→ Data section

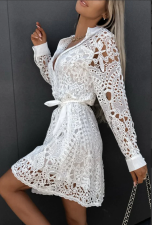 Plus Size Solid Color Lace Shirt Dress GXYY-8257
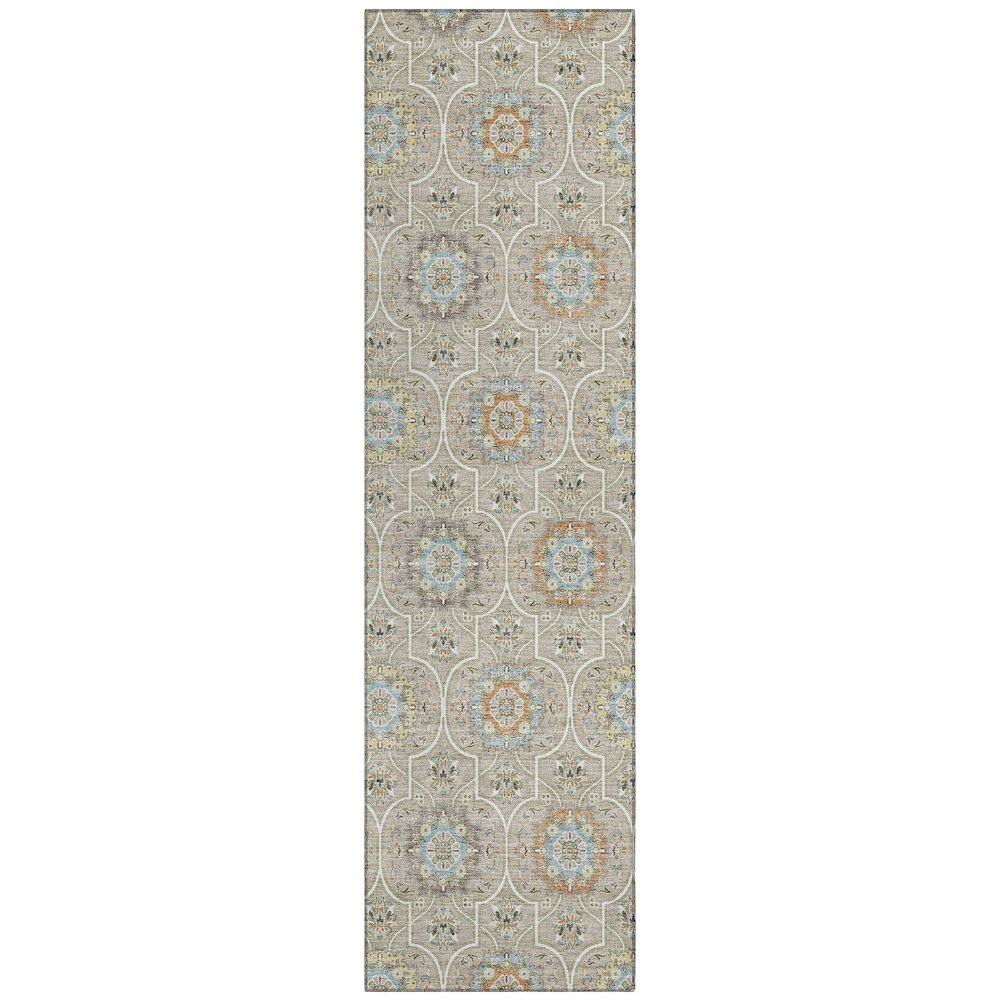 Machine Washable Indoor/Outdoor Chantille ACN2670 Brown 2'3" x 7'6" Runner Rug. Picture 1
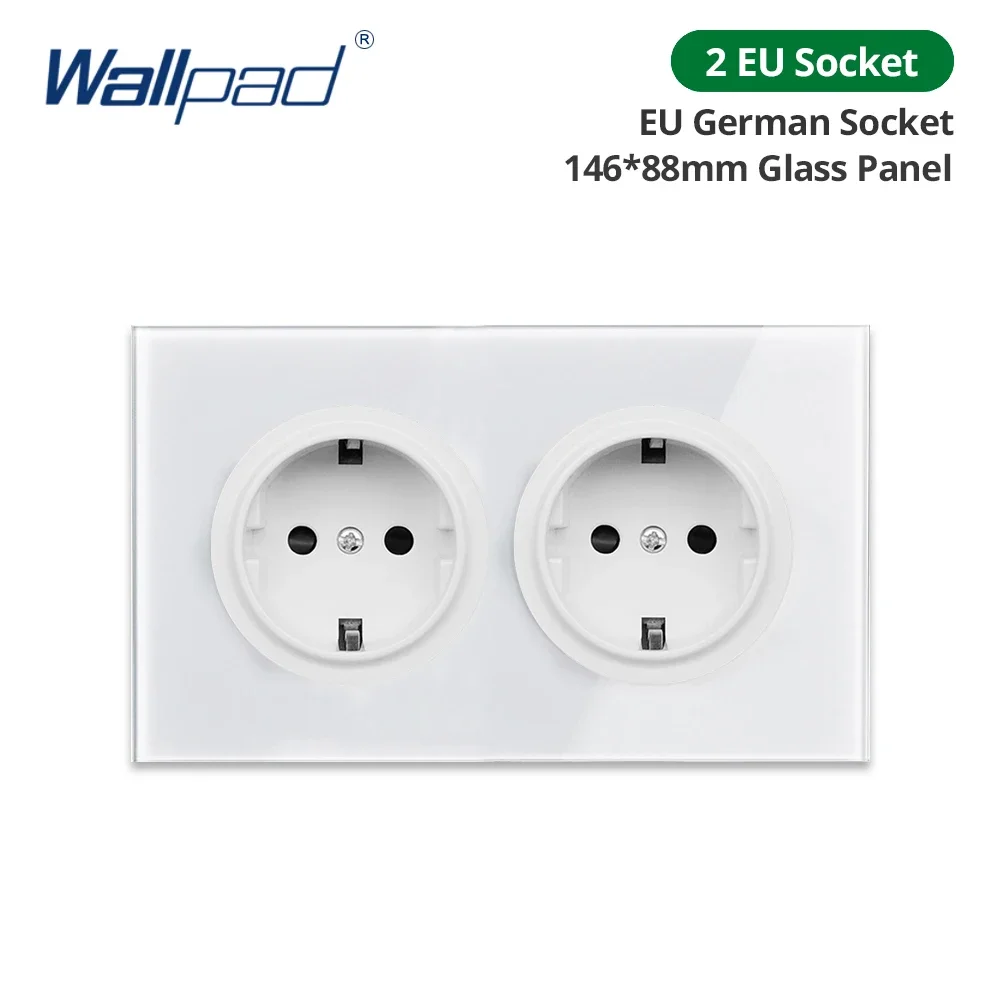 

Электрическая розетка Wallpad, 1 группа, настенный выключатель, белый 146*88 мм, двойная стеклянная панель, круглая кнопка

→ What the task requires
Print out the material verbatim, skipping pictures.

→ Result for this task
 Plus Size Solid Color Lace Shirt Dress GXYY-8257
 Machine Washable Indoor/Outdoor Chantille ACN2670 Brown 2'3" x 7'6" Runner Rug. Picture 1

Электрическая розетка Wallpad, 1 группа, настенный выключатель, белый 146*88 мм, двойная стеклянная панель, круглая кнопка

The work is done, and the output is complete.